As an example of character based processing we will use a program that reads the number of characters, words and lines of a file from standard input and prints the results out to standard out.  Any errors encountered will be printed to standard error.  This will be a weak version of  wc.  (type `man wc` for more information on this UNIX utility program.

The code examples given for each function will typically not run unless the the <angle bracked> items are replaced with real code.  Normally these are things that have to be treated differently depending on what you are trying to do.  As always, if you see an error in my documentation please tell me and I will correct myself in a later document.

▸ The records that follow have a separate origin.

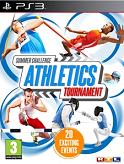 Athletics Tournament Summer Challenge for PS3 to buy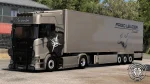 Scania S Sarantos "Frigo Leader" Combo Skin (V. Mourtos Standalone) - Image 9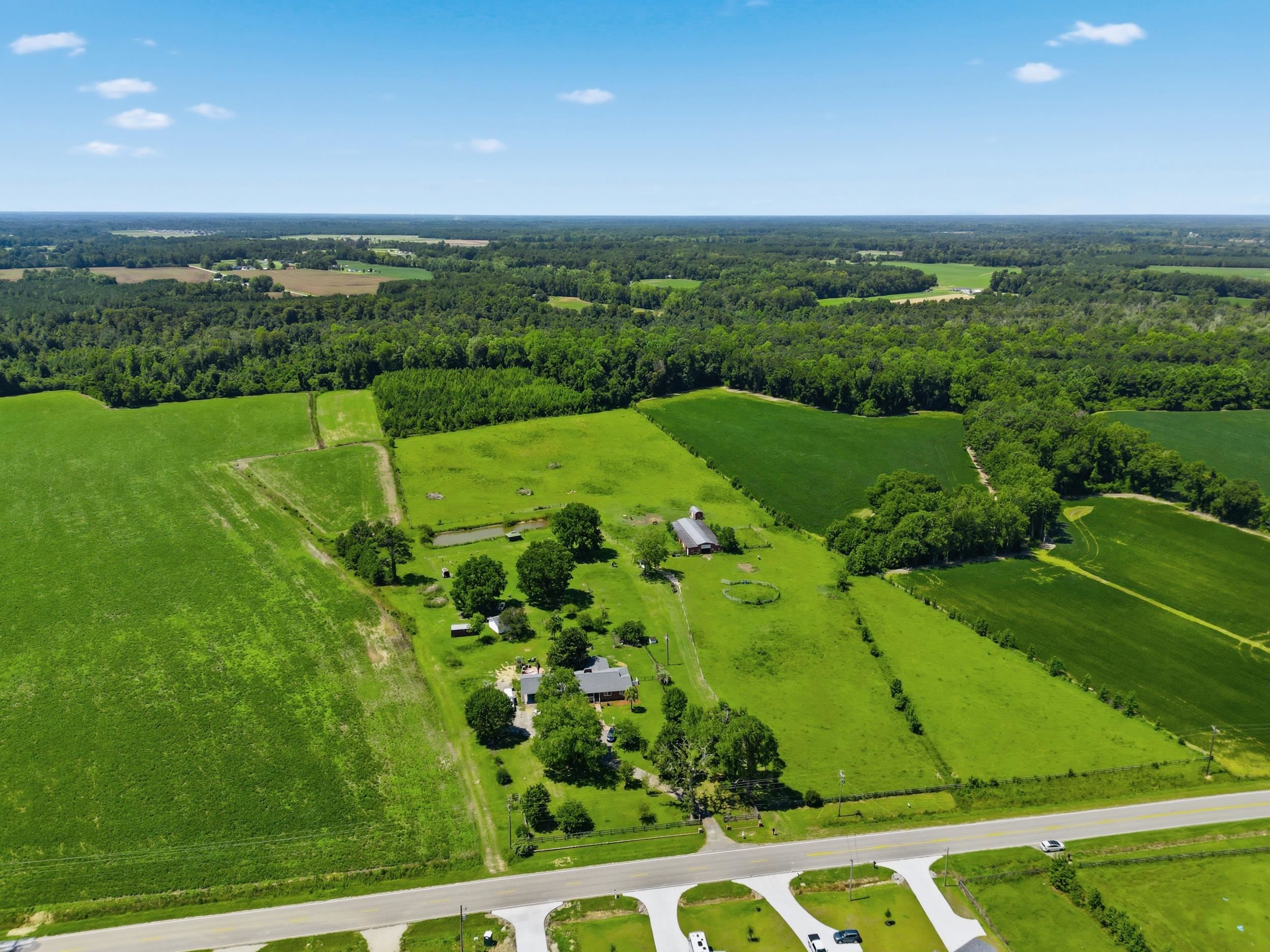 Tbd Highway 9 Business W Property Photo 8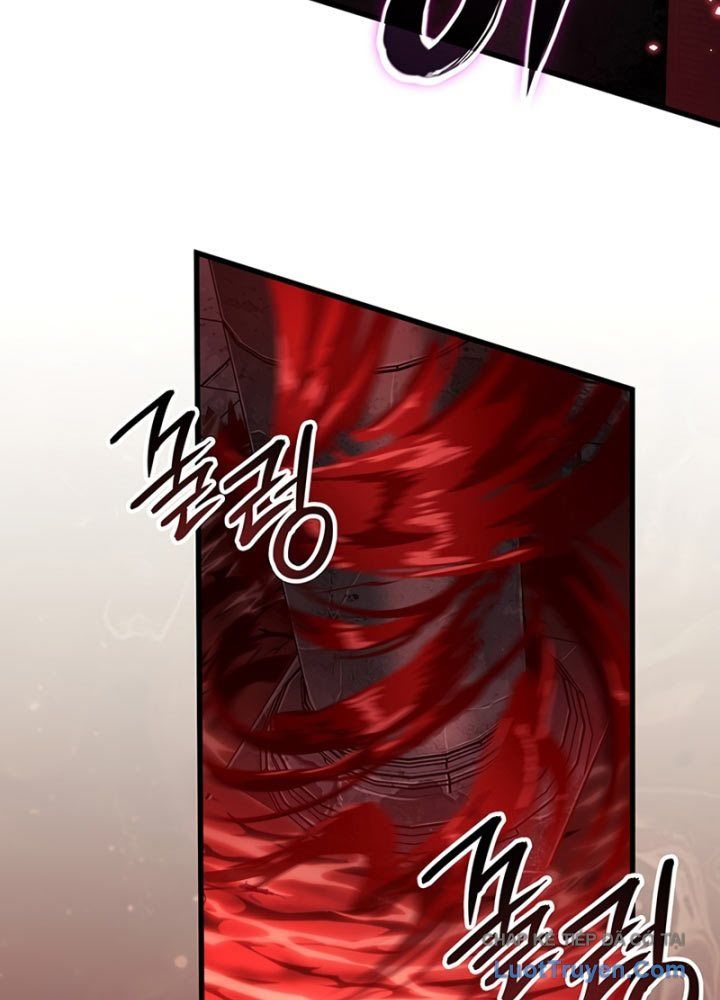 Sinh Tồn Với Tư Cách Là Một Huyết Vương Chap 21 - Next Chap 22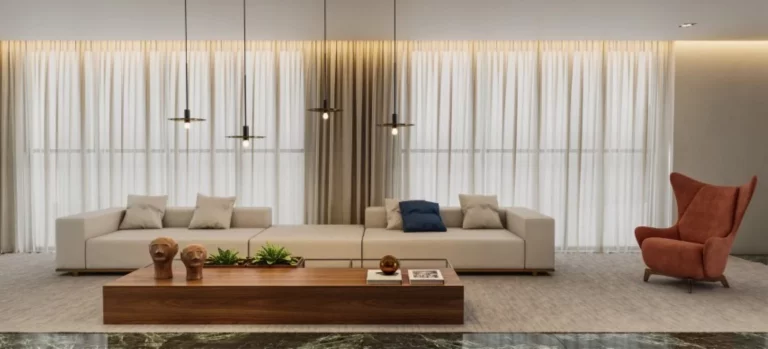 Imagem APARTAMENTO RESIDENCIAL em São Paulo - SP, Vila Madalena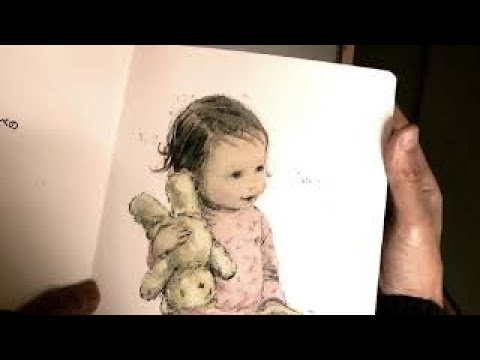 絵本読み聞かせのヒント（その三）「すやすや　おやすみ（石津ちひろ・文　酒井駒子・絵）」　言語造形　諏訪耕志　シュタイナー　アントロポゾフィー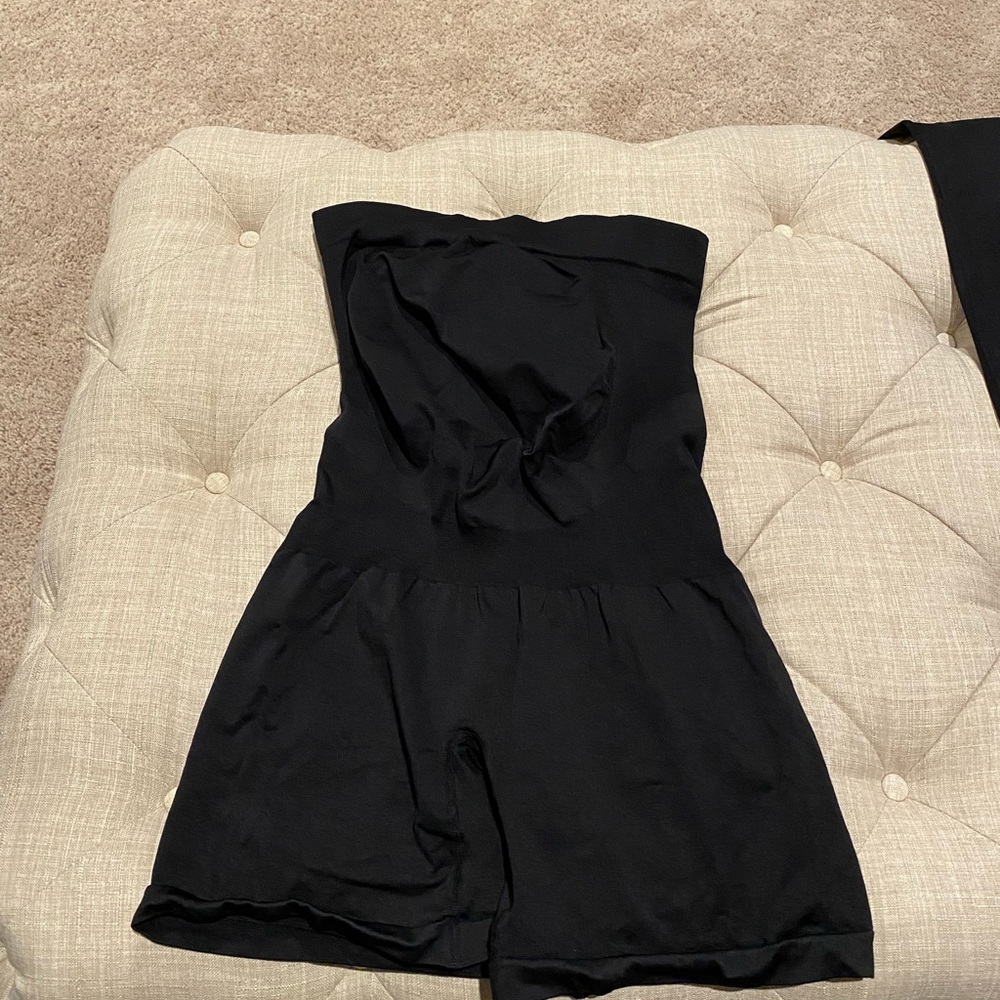 BLANQI® MATERNITY GirlSport Leggings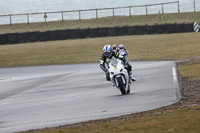 anglesey-no-limits-trackday;anglesey-photographs;anglesey-trackday-photographs;enduro-digital-images;event-digital-images;eventdigitalimages;no-limits-trackdays;peter-wileman-photography;racing-digital-images;trac-mon;trackday-digital-images;trackday-photos;ty-croes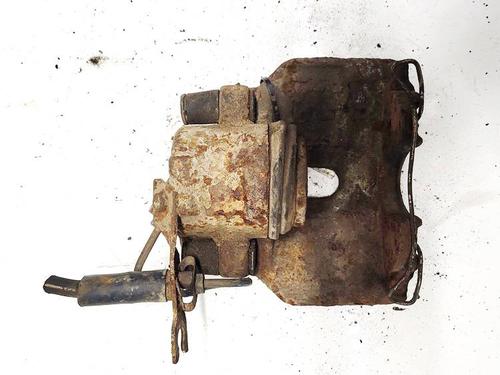 Right front brake caliper VW PASSAT B5 Variant (3B5) 1.9 TDI | BP35590354M104 - Image 2
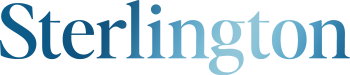 Sterlington_MasterLogo_Metallic-Blue_RGB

-----------------------------------------------------------------
 
#include <stdio.h>     /* include the proper headers */
#define  IN 1          /* looking inside a word */
#define OUT 0          /* looking at white space */
/* count the number of lines, words and characters in standard input */
main() {
    int c,             /* holds the character returned by getchar */
        characters,    /* the number of characters */
        lines,         /* the number of lines */
        words,         /* the number of words */
        state;         /* are we currently in or out of a word */
    /* initialize the count and set the state to outside a word */
    state=OUT;
    characters = words = lines = 0;
    /* get one character at a time from standard in, until EOF */
    while ((c = getchar()) != EOF) {
        characters++;        /* increment the count of characters */
        switch(c) {
        case '\n' :
            lines++;         /* increment the count of lines */
            state = OUT;     /* new-line is white space, outside word */
            break;
        case ' ' :
            state = OUT;     /* space is white space, outside word */
            break;
        case '\t':
            state = OUT;     /* tab is white space, outsides word */
            break;
        default :            /* otherwise we are in a word */
            if (state == OUT) {
                             /* if state is still out and we are in a word */
                             /* then we are at the first letter of the word */
            state = IN;      /* set the state to in */
            words++;         /* increment the count of words */
            }
            break;
        }
    }
    /*  print the results with a formatted print statement */
    printf("%d %d %d\n", characters, words, lines);
}
-----------------------------------------------------------------
 
To read a character from a stream,
    int   getchar (void);
    int   getc(FILE *stream);
    int  fgetc(FILE *stream);
    int ungetc(int c, FILE *stream);
void this is left blank.
FILE *stream is an already existing stream.
int c is a character to be pushed back into the stream.
These functions return an int with the value of the next character from the stream.  If there are no more characters then the end-of-file indicator is set for the stream and the function returns EOF.  If there was a read error then the error indicator is set for the stream and the function returns EOF.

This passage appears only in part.